*What you need to do:* Filter the entries beneath this task, copying only the lines that hold the word "Monalisa".

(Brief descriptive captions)
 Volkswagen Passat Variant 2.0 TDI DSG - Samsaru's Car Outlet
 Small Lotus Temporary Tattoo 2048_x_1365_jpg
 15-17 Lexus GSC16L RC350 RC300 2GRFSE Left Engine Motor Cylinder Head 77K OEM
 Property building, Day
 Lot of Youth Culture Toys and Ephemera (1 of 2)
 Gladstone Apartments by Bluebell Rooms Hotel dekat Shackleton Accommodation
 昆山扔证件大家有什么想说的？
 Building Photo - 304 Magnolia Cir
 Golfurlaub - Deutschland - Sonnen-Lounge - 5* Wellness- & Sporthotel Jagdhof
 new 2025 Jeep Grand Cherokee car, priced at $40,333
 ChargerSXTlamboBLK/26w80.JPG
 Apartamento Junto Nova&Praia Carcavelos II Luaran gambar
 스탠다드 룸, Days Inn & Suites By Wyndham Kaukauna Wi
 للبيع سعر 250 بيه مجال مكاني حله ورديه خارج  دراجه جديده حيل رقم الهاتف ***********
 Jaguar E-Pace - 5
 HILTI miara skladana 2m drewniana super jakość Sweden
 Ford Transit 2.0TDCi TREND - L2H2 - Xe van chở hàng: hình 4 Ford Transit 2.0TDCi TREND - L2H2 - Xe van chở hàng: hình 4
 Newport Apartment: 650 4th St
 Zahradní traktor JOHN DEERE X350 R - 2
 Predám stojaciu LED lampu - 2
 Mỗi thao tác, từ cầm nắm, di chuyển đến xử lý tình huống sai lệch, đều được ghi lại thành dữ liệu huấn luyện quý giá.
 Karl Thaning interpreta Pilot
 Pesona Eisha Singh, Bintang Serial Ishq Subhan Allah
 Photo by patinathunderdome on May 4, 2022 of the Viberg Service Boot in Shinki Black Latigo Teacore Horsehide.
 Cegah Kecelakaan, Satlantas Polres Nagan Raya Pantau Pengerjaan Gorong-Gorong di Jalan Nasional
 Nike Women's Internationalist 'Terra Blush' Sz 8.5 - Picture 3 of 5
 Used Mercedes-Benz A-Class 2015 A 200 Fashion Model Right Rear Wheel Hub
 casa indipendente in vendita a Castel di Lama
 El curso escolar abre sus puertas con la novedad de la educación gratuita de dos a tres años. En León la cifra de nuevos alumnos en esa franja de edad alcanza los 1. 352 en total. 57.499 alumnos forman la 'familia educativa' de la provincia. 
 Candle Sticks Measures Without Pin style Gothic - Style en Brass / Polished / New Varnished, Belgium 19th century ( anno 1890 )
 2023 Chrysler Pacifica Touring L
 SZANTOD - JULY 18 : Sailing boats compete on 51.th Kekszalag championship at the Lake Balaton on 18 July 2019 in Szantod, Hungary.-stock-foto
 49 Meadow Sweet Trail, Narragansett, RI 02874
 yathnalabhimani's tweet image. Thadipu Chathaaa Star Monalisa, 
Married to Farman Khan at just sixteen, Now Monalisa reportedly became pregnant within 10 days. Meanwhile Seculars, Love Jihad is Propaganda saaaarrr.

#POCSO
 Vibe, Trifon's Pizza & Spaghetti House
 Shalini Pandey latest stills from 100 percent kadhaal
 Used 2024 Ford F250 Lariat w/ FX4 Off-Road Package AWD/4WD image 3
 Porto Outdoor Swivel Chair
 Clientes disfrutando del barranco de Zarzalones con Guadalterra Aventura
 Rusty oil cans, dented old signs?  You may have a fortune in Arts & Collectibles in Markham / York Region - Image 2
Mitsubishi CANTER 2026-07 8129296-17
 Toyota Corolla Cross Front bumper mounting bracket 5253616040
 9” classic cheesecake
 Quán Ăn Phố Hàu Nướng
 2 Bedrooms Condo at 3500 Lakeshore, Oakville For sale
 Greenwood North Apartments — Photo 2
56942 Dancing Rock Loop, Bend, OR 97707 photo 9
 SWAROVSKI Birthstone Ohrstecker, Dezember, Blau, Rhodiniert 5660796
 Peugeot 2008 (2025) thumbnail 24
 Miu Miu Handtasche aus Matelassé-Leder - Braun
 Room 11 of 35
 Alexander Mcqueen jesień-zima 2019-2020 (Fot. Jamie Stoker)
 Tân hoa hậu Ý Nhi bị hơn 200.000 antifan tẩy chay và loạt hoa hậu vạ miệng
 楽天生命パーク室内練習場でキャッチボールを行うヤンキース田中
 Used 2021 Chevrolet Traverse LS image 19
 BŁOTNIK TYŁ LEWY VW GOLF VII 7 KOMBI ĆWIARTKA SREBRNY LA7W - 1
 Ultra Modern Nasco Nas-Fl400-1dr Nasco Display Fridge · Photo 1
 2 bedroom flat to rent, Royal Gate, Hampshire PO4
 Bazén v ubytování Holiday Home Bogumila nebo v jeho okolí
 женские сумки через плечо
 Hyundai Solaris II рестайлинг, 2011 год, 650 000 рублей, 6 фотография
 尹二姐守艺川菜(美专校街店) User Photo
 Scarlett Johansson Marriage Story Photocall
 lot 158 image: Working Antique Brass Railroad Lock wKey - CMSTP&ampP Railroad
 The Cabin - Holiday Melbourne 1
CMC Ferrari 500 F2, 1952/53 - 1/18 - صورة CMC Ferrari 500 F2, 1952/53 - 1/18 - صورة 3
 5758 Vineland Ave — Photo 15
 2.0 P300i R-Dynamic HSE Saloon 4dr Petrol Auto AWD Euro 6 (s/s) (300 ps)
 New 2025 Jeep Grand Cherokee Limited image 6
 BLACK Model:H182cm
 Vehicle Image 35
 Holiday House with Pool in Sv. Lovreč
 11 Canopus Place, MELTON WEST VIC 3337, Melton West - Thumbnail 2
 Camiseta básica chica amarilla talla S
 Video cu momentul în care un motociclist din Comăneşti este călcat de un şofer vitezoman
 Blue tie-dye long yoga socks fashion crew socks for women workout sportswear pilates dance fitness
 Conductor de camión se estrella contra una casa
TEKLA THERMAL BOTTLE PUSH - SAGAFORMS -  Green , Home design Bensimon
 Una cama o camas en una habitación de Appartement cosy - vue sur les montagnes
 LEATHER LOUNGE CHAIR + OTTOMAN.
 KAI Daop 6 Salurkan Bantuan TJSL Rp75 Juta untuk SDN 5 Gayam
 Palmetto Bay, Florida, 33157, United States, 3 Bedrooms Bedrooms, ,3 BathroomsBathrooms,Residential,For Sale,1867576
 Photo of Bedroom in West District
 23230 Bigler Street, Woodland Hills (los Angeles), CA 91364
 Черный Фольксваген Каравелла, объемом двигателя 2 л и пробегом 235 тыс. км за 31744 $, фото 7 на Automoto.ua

*Answer:*
 yathnalabhimani's tweet image. Thadipu Chathaaa Star Monalisa, 
Married to Farman Khan at just sixteen, Now Monalisa reportedly became pregnant within 10 days. Meanwhile Seculars, Love Jihad is Propaganda saaaarrr.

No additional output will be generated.